ANALYSIS
When President Jacob Zuma finished delivering his last January 8 statement on Sunday, he acknowledged the crowd, turned around and received congratulations from Cyril Ramaphosa, his deputy, and Gwede Mantashe, the African National Congress' (ANC) secretary-general.
The first person he engaged with after returning to his seat from the podium, however, was State Security Minister David Mahlobo. After Ramaphosa and Mantashe shook Zuma's hand, Mahlobo moved in and had a brief conversation with the ANC leader. Zuma quizzed him about something, shook his head and Mahlobo retreated.
Mahlobo was quite the man-about-town during the rain-soaked event at Soweto's Orlando Stadium to celebrate the founding of the ANC 105 years ago. The minister -– who blocked cellphone signals in Parliament two years ago to protect his boss being embarrassed –- was all over the place: hugging somebody here, cracking a joke there, fist-bumping someone else at the DJ box (yes, there was a DJ on stage).
He will be quite a significant player over the next 11 months while Ramaphosa and Nkosazana Dlamini-Zuma slug it out to succeed Zuma. Security and intelligence services will be in the thick of it while camps, factions and branches position themselves, bribe each other and flat out intimidate before around 4 500 ANC members vote for a new leadership in December.

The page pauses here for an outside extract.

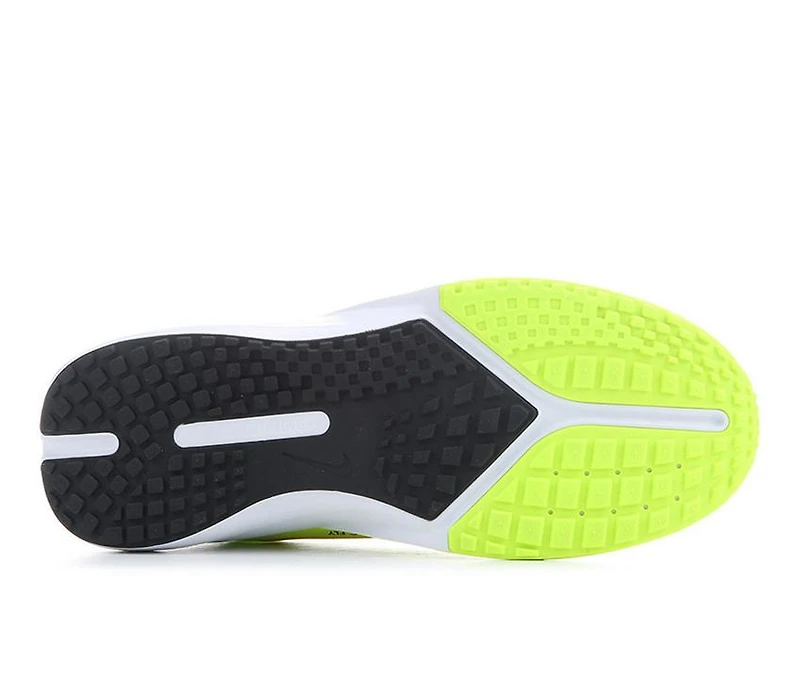 Boys' Nike Big Kid Sonic Fly Running Shoes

Intelligence will be the name of the game and even though the State Security Agency has no business involving themselves in succession politics, spies will tap phones and intercept communication between everybody involved. Just like crime intelligence and the erstwhile National Intelligence Agency did during the Zuma-Thabo Mbeki matchup in 2007.
And Mahlobo will be the spymaster.
'UNITY AND INTEGRITY'
The ANC went to great pains to massage the assembled media in the southern stand about the central theme of the NEC's statement (the January 8 message is a collective NEC one, not the president's political overview): unity. Mantashe, along with Zweli Mkhize (treasurer-general) and Lindiwe Zulu (senior NEC member) did the rounds in die media area emphasising the focus on unity, denouncing factionalism and berating the ANC's women's league for going public about their support for Dlamini-Zuma. Zuma's speech, indeed, was built around the theme.

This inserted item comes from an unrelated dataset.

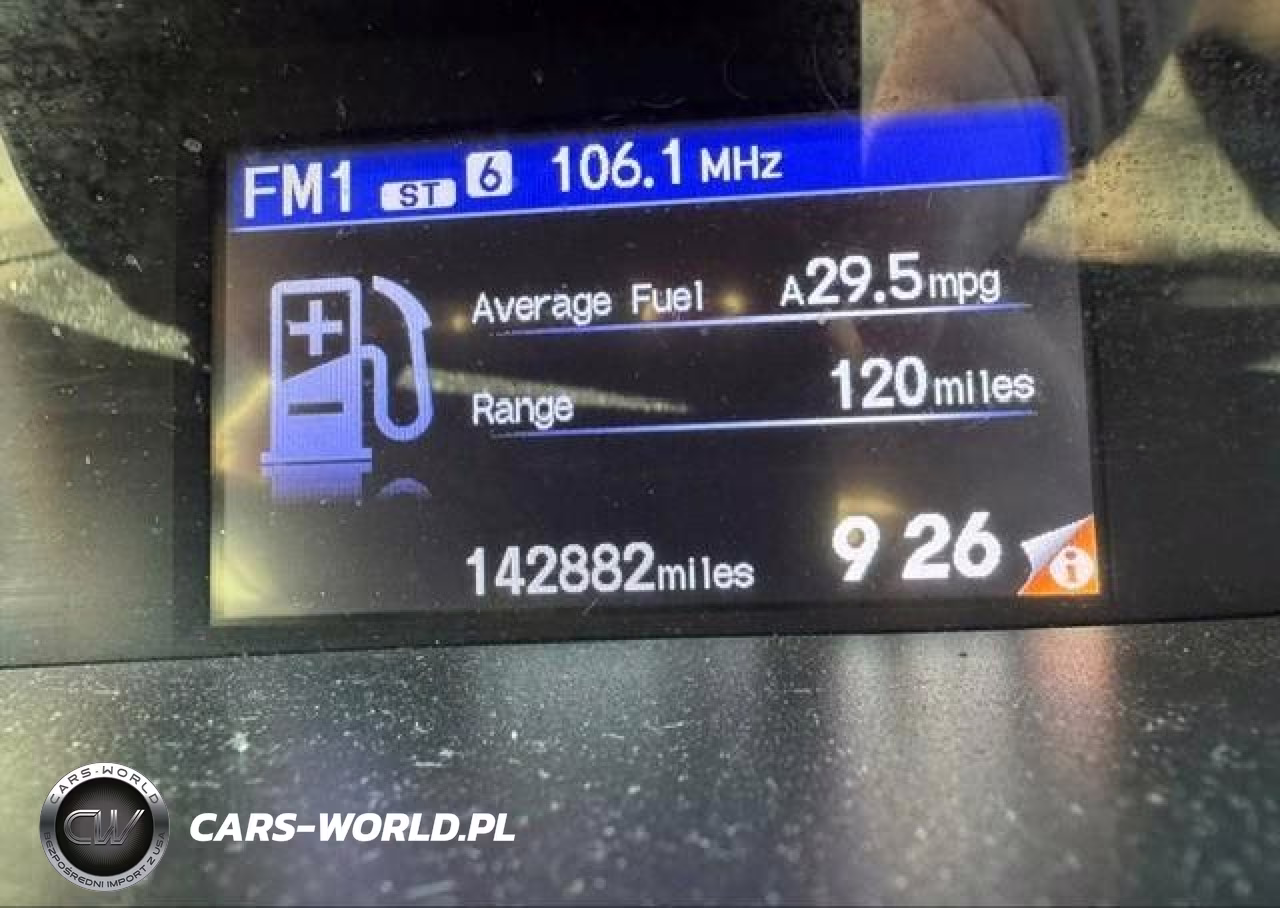 2012 Honda Civic Lx VIN:2HGFG3B57CH510914 - 7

"Divisive tendencies such as factionalism, gatekeeping and manipulation of internal processes exist at all levels of the ANC, the leagues, the alliance and the mass democratic movement. These tendencies inhibit our ability to give decisive leadership to society," he said.
"The people have told us that we are too busy fighting each other and we do not pay sufficient attention to their needs. Our own research and interactions with members of the ANC demonstrate clearly that the people abhor the apparent preoccupation with personal gain."

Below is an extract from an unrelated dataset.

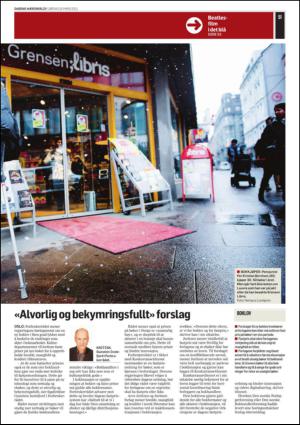 dagensnaringsliv-20130316_000_00_00_051.pdf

The ANC acknowledged the damage corruption, cronyism and factionalism have wrought on the governing colossus –- the poor local government election results were also cited in Zuma's speech. Mantashe and Mkhize also did not shy away from this in their interactions with the media beforehand and in the buildup last week. Mantashe said as much on every stage he took: corruption is rife in the party, from top to bottom, and will destroy it if left unchecked.
Some lines in the statement must have grated as Zuma delivered them: "The only noble fight we must engage in is a fight to serve the people and not ourselves ... leaders who are in positions for nefarious reasons contribute to our decline ... we accept we have made mistakes, we shall correct them ... cadres' morality does not allow for personal ambition or factional conspiracies ..."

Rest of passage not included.